The Thought Police presumably encountered Thought Criminals with at least some regularity. At a minimum, there were a fair number of people imprisoned at the Ministry of Love. With that said, how did they prevent themselves from becoming Thought Criminals too (given that they probably would've had to interact with whatever made the individuals thought criminals to begin with)?
They don't because they don't need to.
Neither in 1984 or in Orwell's memoirs are the inner workings of the Thought Police described in detail. Aside from stray comments about the selection of new agents, or how the upper classes would grow ever more fanatic in spite of their greater knowledge, it's unclear if the Thought Police would police their own ranks differently from that of the masses.
(Un)fortunately, we can look to the GRU former Soviet Union for a possible, clearer answer.
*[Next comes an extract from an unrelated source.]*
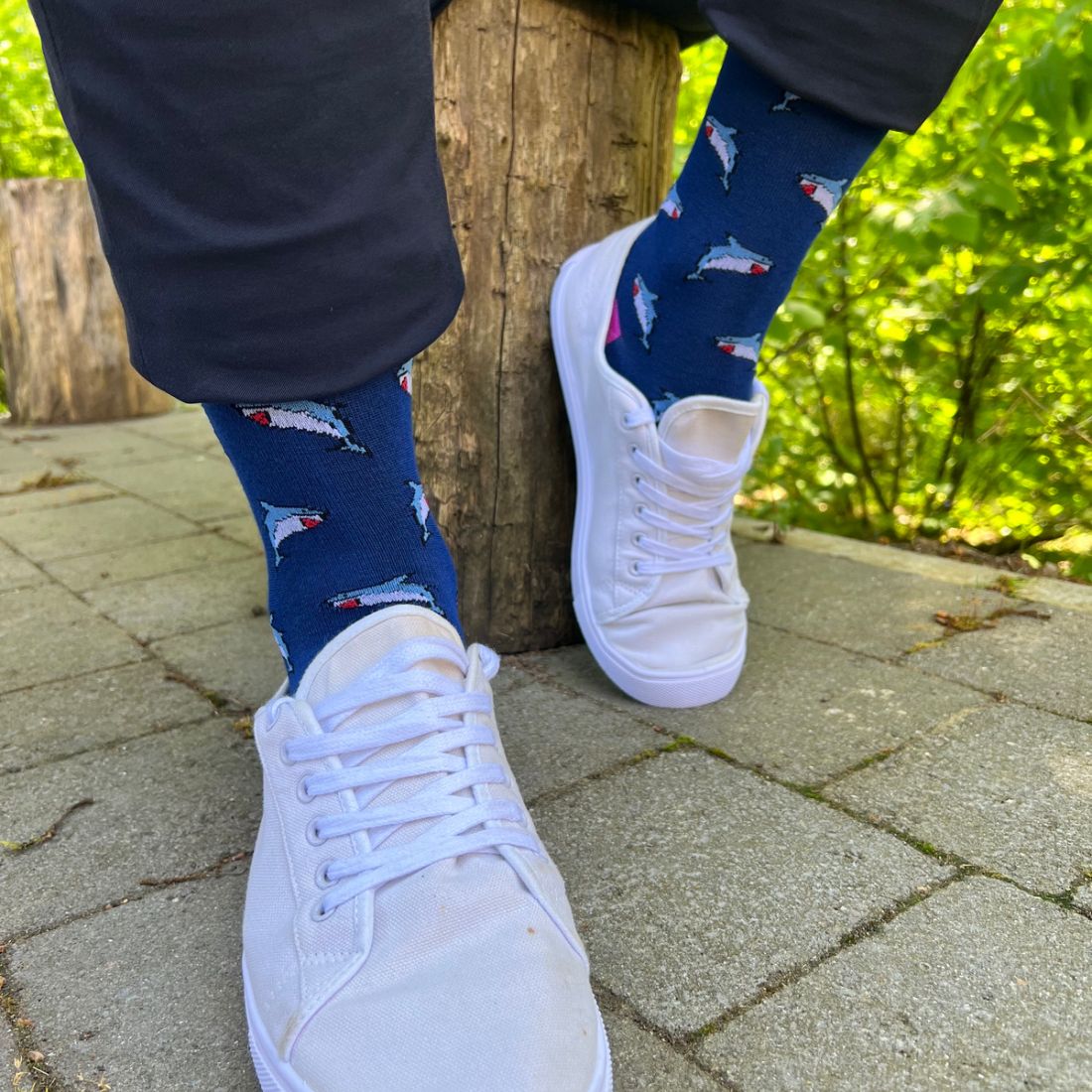Sharks Matching Bamboo Socks (Adult & Child) - Edie And I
As Victor Suvorov in Aquarium relates:
That's it over there . . .' Grey-hair points to a fat square chimney, no more than ten metres high, built on top of a flat asphalt roof. The black roof floats among the greenery of the lilac bushes like a raft in the ocean or an oldfashioned battleship, sitting low in the water with its funnel quite out of proportion. A thin transparent smoke is rising from the chimney. 'Is that someone leaving the organization?' 'No.' Grey-hair laughs. 'The chimney is not only our way out; it is also a source of energy for us and the guardian of our secrets. At the moment they are simply burning secret papers. It's better, you know, to burn them than to keep them. When somebody leaves the organization the smoke is not like this; it is dense and oily. If you join the organization you too will one day rise into the sky through that chimney. But that's not what we're here for now. The organization is giving you a last chance to change your mind, a final opportunity to consider your choice. And to give you something to think about, I'll show you a film. Sit down.'
For most of the Cold War, the GRU operated out of Soviet Embassies in the West. Despite their numbers, the GRU was aware that the allure of the surrounding societies would eventually seduce at least few of its members.
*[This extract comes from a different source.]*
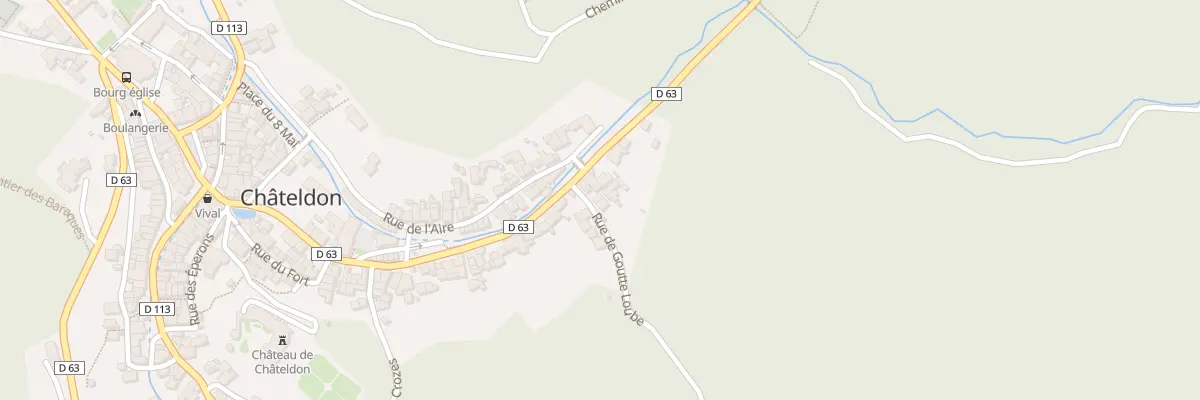 Plan du 7 Rue de Goutte Loube à Châteldon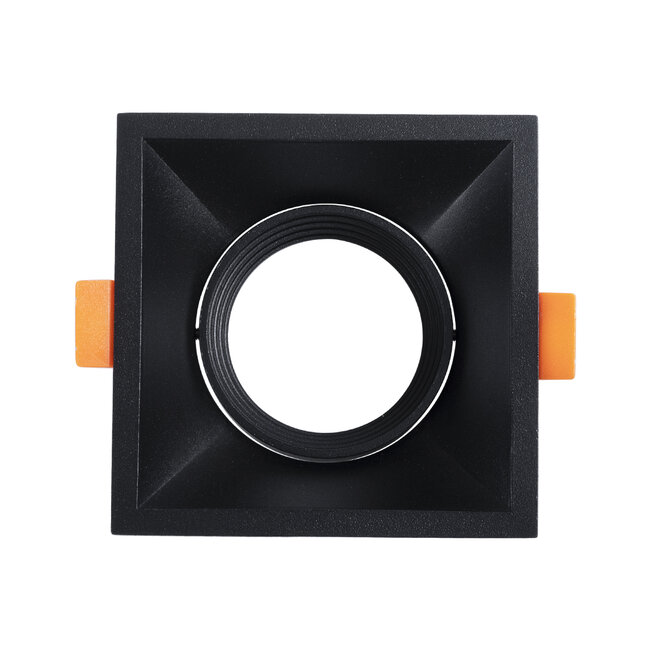 ALPHA 77833 Χωνευτό Κινούμενο Τετράγωνο Σποτ Οροφής για Λάμπα MR16/GU10 - IP20 - Χυτό Αλουμίνιο - Μ9 x Π9 x Υ4.5cm - Μαύρο - 5 Χρόνια Εγγύηση - 3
So, instead of focusing on the beginning of betrayals (thought-crime), which would have been extremely costly and a poor use of resources (imagine surveilling your own surveillance everyday), the GRU instead focuses mainly on the end: first, by stating that all GRU officers will be cremated, and, second, betrayal simply moves that timeline up.
This means the organization expects a tiny percentage of its agents to go rogue and makes explicit the procedures to deal with it, to its agents
In Aquarium, unreliable or poorly performing agents are immediately sedated and shipped back on a plane to Moscow by their own comrades. Suvorov himself who assisted in said procedure narrowly escapes his own procedure towards the end.
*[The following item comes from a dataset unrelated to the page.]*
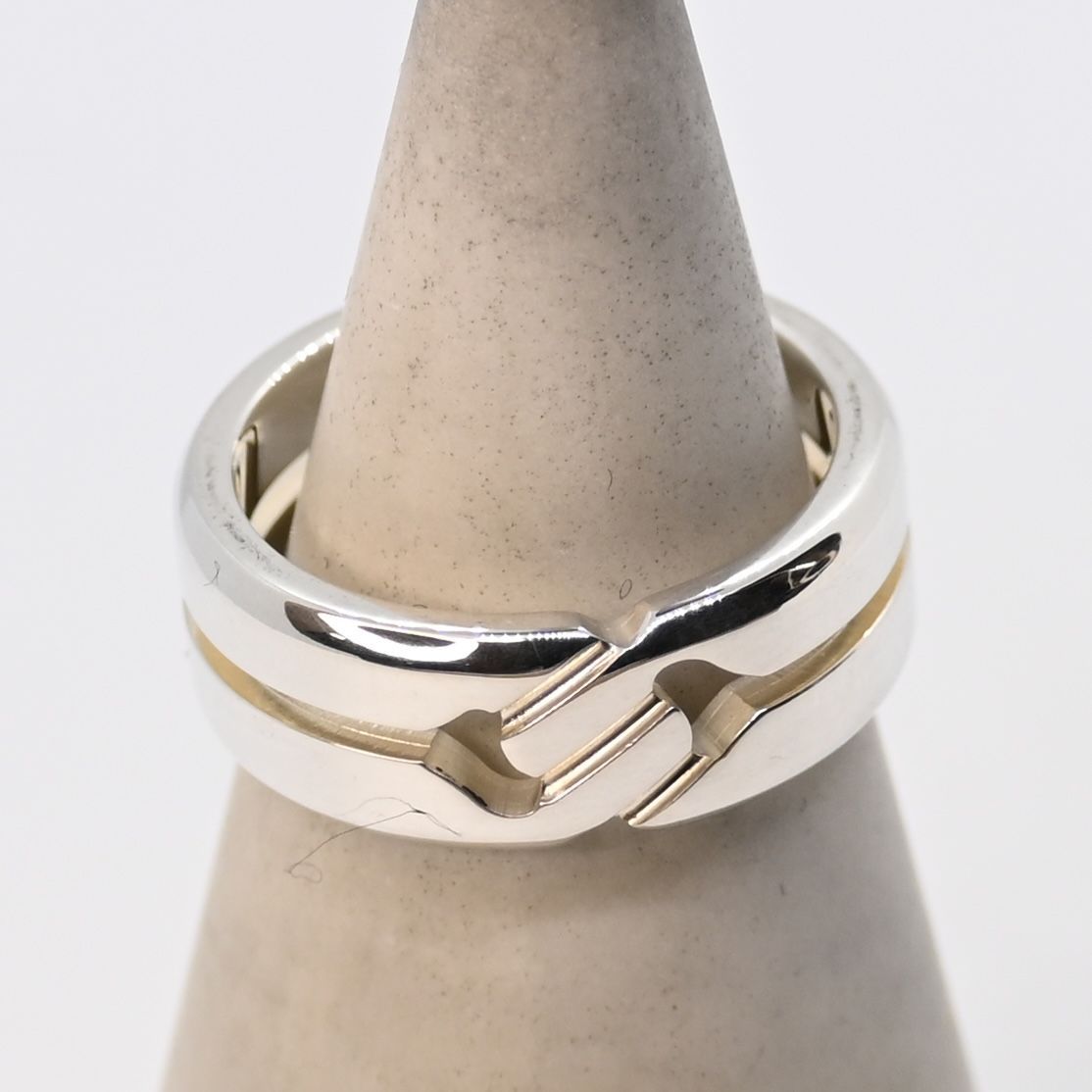 研磨済】GUCCI インフィニティ ノット リング 指輪 10号 シルバー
In the context of 1984, we can say that the Thought Police will be generally more vigilant and more strict about what constitutes betrayal. Nonetheless, they will fundamentally approach it as the GRU did:
Betrayal will happen, and when it does, make sure the members of organization follow procedure: light the traitors on fire.
An Outer Party member has been told to believe that the Party is advancing the common good, and believes that this is what the Party should be doing. If he comes to believe that the Party, far from advancing the common good, is actually the chief obstacle to that desideratum, he becomes a threat to the Party.
On the other hand, a Thought Police apparatchik already knows that it's really all about power, and is perfectly happy with that, because in some way he's cashing in on that situation and could not care less about the common good. His disillusionment is not a threat to the Party because his loyalty does not depend on the illusion.